Wade's World

Just leave it where Jesus flang it.

Friday, September 09, 2005

"More than a referendum, but less than an election."

Overshadowed by Hurricane Katrina and its political aftermath, the first contested presidential elections were held in Egypt and Hosni Mubarak was swept into victory with better than 88% of the vote. While an impressive number to be sure, only about 23% of the electorate actually voted, and charges of myriad electoral violations marred the victory:

Widespread violations were reported by voters, opposition groups and independent monitors during the balloting _ particularly strong pressure from officials and other on voters to back Mubarak. But the election saw none of the violence or overt vote rigging that has plagued past parliamentary elections.

Marie, the top judge on Egypt's highest court, said the vote was clean and allegations of violations stemmed from "over-enthusiasm in a nascent experiment that will be the cornerstone in the construction of democracy."

On Thursday, Nour demanded the election be repeated because of the allegations, but the commission _ which reform-minded judges have accused of being dominated by the government _ rejected the request.

Third-place finisher Gomaa said Friday his party would put together a list of the election violations it witnessed and present them to the commission. But, speaking to Al-Jazeera television, he acknowledged that the violations were not enough to affect Mubarak's victory.

Even so, as some (and one in particular) like to say, "democracy is a process, not an event." Judging by Western standards, the Egyptian election does not look like much. But when considered in context -- i.e., a country that has known only autocratic rule for the last 50 years -- this event is inspiring. When viewed in connection with the (i) Iraq elections and subsequent Constitutional process, (ii) the Palestinian elections, (iii) the Lebanon elections, (iv) the Saudi elections, (v) the Afghanistan elections, and (iv) the Pakistani elections, none of which have gove perfectly (albeit some better than others) the "process" of democracy begins to appear.

There's no question that Mubarak's re-election is not much more than a baby step in that process, but it's diminutive stature in the great annals of democracy should not dimish its importance. A two-inch putt counts as much as a 350 yard drive. The very fact that the autocratic grip on what has hitherto sufficed as an "electoral process" has been ever so slightly loosened should be recognized as a an awakening of hope for the Egyptian people, and for the populous of the Arab world in general. Taken as a sign that democracy is beginning to emerge in a land that has never truly known governance by the governed, it starts a fire in the bellies of Arabs elsewhere to see such reforms, however slight, in their own countries. It will take time, but the cries of "kifaya" will grow louder and louder until the autocrats and dictators have no choice but to change.
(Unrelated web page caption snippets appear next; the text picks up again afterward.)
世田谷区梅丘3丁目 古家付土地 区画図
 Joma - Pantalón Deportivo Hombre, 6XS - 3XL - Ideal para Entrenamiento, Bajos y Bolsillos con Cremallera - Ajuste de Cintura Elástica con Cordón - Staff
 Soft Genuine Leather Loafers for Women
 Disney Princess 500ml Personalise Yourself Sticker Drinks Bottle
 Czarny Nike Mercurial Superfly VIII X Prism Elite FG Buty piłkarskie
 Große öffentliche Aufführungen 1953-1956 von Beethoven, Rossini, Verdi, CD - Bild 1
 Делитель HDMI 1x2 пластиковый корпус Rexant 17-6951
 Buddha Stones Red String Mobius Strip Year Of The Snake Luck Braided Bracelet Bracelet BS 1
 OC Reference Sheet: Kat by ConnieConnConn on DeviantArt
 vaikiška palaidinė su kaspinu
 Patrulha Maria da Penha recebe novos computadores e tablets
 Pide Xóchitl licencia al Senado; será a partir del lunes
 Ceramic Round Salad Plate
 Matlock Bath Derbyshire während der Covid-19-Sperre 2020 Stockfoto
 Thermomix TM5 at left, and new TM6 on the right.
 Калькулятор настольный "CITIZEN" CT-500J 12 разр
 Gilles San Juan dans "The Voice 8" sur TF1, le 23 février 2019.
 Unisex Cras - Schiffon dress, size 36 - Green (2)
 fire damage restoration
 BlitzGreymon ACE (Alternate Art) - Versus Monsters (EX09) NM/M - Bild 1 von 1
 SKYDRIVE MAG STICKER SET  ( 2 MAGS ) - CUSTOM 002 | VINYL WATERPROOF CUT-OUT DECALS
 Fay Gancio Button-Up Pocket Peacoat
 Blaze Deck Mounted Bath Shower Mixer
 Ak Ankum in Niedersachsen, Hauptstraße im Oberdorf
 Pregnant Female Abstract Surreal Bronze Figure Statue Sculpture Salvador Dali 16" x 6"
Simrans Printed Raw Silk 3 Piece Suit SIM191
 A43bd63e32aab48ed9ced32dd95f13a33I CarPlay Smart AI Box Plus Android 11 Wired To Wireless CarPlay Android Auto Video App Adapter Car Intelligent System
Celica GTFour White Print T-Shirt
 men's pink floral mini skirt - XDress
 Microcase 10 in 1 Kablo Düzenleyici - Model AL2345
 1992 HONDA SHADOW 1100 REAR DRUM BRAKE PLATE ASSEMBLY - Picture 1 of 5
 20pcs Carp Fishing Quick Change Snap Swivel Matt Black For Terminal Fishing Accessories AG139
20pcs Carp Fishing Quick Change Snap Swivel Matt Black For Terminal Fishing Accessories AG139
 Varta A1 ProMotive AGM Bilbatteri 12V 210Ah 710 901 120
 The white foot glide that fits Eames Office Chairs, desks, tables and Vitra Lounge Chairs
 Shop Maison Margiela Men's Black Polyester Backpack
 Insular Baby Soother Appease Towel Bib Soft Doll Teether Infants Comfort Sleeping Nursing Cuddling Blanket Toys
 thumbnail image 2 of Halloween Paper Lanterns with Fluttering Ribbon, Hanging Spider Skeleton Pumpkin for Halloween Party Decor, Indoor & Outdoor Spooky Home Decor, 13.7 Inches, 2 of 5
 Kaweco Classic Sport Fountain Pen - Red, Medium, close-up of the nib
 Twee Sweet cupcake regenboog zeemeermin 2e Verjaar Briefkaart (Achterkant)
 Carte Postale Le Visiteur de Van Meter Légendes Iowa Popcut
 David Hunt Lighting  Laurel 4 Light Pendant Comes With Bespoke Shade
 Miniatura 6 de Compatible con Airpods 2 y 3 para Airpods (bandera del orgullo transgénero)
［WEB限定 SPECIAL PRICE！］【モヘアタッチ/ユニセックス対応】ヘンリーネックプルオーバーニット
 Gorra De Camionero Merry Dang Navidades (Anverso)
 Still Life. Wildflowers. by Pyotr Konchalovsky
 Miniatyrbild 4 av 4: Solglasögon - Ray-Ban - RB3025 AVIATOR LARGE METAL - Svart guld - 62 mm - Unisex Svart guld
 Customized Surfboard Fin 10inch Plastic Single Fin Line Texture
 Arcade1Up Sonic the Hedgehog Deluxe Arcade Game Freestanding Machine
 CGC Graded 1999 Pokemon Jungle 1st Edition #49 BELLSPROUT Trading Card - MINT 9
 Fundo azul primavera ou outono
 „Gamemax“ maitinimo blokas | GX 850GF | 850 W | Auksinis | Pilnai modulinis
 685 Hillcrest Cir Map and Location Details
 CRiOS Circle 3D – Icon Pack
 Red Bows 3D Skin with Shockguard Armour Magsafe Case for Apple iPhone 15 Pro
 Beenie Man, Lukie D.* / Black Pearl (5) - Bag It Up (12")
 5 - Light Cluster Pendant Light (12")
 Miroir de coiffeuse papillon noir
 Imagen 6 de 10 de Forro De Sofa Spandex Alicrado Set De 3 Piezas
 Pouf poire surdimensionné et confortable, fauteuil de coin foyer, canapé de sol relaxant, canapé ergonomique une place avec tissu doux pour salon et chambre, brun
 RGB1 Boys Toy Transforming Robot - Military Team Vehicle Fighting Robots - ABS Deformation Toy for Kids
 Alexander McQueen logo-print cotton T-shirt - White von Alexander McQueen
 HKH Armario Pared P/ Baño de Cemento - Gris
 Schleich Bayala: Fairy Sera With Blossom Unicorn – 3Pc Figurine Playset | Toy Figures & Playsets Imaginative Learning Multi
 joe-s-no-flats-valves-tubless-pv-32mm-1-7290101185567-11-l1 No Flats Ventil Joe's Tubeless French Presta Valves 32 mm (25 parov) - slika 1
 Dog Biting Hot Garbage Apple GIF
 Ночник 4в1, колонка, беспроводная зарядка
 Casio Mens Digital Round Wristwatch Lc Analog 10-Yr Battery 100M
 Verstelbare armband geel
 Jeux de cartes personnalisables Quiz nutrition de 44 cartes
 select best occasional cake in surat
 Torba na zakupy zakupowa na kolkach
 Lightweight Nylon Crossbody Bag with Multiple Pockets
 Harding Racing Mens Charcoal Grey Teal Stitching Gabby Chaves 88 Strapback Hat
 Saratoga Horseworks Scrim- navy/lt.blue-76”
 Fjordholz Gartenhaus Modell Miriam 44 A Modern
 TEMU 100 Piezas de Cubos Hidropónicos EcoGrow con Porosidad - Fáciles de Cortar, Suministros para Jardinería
What results will most certainly have little resemblence to American, Canadian, European or even (hopefully) South American democracy. That's actually not very important. What matters most is that the political structure reflects, as accurately as possible, the will of the governed, as the those who are currently governed see fit to express it. If that means some countries are theocracy well, that probably does not bode well for us. However, an energetic democacy, viz one that continually regenerates through frequent elections, would not be as foreboding since the governing body would constantly be held to account in meeting the desires of the electorate. The fact that this nascent process is beginning with elections, therefore, is encouraging in my mind.